Hyperparameter optimization of hp-greedy reduced basis for gravitational wave surrogates
Cerino, Franco, Diaz-Pace, Andrés, Tassone, Emmanuel, Tiglio, Manuel, Villegas, Atuel
In a previous work we introduced, in the context of gravitational wave science, an initial study on an automated domain-decomposition approach for reduced basis through hp-greedy refinement. The approach constructs local reduced bases of lower dimensionality than global ones, with the same or higher accuracy. These ``light'' local bases should imply both faster evaluations when predicting new waveforms and faster data analysis, in particular faster statistical inference (the forward and inverse problems, respectively). In this approach, however, we have previously found important dependence on several hyperparameters, which do not appear in global reduced basis. This naturally leads to the problem of hyperparameter optimization (HPO), which is the subject of this paper. We tackle the problem through a Bayesian optimization, and show its superiority when compared to grid or random searches. We find that for gravitational waves from the collision of two spinning but non-precessing black holes, for the same accuracy, local hp-greedy reduced bases with HPO have a lower dimensionality of up to $4 \times$ for the cases here studied, depending on the desired accuracy.
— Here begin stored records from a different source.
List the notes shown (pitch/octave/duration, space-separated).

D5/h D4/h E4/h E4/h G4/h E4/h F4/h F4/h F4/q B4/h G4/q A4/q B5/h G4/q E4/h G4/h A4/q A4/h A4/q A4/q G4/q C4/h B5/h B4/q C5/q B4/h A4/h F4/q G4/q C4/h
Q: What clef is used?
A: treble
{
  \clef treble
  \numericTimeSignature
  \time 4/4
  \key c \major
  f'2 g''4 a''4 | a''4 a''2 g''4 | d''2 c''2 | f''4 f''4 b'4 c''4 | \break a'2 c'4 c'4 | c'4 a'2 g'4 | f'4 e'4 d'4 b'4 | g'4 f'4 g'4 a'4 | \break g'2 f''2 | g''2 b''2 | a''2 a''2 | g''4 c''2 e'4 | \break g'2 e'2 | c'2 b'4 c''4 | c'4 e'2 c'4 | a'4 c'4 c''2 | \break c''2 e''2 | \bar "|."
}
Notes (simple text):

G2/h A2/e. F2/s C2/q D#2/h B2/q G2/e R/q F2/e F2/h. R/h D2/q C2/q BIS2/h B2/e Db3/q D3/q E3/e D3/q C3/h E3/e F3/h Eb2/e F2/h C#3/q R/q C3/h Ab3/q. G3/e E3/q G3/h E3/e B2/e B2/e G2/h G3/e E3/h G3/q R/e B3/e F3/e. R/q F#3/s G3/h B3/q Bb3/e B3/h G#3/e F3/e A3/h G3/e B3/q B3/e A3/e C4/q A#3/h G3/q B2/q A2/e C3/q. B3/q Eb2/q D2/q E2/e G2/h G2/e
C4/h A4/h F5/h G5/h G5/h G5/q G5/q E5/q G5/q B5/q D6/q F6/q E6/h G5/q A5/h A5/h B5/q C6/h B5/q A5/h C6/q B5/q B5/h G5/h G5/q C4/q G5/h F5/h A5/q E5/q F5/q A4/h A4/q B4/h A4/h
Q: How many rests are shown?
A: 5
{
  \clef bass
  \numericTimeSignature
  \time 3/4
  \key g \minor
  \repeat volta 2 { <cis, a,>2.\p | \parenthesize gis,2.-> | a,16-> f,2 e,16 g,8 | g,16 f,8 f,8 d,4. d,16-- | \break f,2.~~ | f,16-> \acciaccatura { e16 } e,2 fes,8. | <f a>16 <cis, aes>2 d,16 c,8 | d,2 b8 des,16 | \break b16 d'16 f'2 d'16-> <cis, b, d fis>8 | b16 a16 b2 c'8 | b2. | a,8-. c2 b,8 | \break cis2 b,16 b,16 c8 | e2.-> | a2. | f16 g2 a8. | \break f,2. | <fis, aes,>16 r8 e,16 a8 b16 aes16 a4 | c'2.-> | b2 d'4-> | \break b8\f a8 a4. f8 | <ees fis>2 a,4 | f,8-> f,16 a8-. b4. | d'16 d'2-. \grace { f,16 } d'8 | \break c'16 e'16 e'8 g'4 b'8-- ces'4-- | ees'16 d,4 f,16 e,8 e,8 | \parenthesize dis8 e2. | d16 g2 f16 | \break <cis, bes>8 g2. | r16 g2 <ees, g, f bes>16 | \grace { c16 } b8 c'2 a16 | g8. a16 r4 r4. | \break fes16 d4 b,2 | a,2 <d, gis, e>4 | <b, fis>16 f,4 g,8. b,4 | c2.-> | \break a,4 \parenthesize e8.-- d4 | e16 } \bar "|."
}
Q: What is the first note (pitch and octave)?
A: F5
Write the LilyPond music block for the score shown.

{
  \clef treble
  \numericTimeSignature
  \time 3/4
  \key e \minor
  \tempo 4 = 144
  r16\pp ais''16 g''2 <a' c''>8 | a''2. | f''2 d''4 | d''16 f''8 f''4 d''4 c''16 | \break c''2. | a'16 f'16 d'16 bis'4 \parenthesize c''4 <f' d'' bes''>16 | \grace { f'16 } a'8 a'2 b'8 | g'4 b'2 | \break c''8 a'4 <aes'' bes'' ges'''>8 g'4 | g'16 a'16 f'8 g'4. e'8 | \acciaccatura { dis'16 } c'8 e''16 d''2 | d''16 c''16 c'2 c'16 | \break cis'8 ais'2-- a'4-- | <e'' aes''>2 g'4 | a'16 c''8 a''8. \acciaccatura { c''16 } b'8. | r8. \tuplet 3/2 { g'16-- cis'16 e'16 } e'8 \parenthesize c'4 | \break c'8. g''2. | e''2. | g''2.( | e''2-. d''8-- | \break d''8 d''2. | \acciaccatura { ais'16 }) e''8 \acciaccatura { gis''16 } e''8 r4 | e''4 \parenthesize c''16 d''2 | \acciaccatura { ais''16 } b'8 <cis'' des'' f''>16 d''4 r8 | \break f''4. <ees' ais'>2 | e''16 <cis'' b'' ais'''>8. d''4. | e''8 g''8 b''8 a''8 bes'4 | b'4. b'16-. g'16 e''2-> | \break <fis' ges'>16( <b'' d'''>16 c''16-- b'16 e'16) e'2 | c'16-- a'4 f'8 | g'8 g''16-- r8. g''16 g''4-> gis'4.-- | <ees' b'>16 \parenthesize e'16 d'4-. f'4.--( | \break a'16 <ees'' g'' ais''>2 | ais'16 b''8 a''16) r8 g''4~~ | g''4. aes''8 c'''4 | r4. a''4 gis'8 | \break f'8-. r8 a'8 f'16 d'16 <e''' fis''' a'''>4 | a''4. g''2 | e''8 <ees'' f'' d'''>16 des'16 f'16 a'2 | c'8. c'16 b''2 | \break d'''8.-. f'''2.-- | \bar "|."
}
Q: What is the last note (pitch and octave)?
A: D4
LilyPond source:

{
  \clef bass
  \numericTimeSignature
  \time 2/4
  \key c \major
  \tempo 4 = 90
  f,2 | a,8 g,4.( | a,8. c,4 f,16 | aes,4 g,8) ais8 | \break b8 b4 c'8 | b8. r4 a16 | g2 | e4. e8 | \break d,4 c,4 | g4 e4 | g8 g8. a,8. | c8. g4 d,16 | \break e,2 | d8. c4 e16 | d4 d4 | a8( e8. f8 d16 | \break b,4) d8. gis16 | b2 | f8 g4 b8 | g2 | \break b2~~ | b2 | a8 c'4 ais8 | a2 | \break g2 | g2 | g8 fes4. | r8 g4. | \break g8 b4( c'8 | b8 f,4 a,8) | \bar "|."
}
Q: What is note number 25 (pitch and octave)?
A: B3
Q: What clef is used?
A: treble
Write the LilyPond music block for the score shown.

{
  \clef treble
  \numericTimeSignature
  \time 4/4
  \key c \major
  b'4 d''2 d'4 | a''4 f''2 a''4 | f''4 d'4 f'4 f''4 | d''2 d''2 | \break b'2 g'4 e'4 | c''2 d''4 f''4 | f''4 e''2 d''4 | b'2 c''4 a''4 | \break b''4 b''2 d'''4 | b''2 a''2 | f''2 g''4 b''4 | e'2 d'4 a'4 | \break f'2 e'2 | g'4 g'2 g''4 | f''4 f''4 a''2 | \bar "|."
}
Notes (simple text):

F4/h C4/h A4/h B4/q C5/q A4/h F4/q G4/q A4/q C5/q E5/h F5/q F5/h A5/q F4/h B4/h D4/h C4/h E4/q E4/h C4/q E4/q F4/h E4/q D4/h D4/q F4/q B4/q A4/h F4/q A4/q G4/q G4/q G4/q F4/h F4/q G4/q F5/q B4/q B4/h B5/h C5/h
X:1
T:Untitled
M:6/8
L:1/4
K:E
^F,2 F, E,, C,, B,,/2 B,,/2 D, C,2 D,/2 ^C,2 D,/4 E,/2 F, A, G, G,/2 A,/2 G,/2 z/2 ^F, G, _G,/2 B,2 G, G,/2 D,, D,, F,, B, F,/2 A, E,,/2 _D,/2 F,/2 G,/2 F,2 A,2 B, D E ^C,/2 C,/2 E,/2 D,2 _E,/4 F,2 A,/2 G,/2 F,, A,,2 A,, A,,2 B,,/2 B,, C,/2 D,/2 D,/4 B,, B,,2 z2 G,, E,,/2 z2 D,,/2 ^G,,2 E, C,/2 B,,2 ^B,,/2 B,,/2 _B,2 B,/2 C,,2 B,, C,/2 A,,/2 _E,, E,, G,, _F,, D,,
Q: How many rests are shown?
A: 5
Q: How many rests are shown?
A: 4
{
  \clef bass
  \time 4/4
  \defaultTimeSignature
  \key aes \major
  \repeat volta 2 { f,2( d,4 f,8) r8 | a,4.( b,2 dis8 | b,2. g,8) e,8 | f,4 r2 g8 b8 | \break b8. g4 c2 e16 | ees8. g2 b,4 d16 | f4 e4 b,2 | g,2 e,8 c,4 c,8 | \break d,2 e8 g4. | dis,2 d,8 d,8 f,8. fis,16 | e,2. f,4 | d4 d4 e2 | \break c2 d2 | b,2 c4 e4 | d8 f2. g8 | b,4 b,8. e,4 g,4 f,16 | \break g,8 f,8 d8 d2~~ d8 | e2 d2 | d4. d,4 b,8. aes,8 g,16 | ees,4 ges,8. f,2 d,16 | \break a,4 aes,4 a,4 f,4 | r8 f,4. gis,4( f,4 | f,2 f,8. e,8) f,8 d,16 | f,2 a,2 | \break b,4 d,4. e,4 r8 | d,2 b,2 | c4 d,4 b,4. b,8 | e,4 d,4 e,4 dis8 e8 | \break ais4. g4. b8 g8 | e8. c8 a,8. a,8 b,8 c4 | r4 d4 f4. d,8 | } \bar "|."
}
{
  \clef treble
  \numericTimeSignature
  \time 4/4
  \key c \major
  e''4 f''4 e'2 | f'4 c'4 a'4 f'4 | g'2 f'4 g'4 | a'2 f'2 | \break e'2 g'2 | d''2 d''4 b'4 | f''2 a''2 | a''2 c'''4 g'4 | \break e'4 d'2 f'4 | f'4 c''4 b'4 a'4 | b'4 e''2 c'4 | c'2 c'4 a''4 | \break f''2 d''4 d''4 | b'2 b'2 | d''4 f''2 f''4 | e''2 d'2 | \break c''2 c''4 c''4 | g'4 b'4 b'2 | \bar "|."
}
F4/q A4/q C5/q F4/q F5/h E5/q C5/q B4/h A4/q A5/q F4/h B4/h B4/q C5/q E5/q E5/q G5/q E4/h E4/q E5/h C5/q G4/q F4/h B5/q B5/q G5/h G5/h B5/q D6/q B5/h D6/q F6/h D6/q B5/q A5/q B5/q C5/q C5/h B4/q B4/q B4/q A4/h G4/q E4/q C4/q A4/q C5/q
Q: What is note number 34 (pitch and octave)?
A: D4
This factor should directly translate in a parameter estimation speedup, for instance. Such acceleration might help in the near real-time requirements for electromagnetic counterparts of gravitational waves from compact binary coalescences. In addition, we find that the Bayesian approach used in this paper for HPO is two orders of magnitude faster than, for example, a grid search, with about a $100 \times$ acceleration. The code developed for this project is available as open source from public repositories.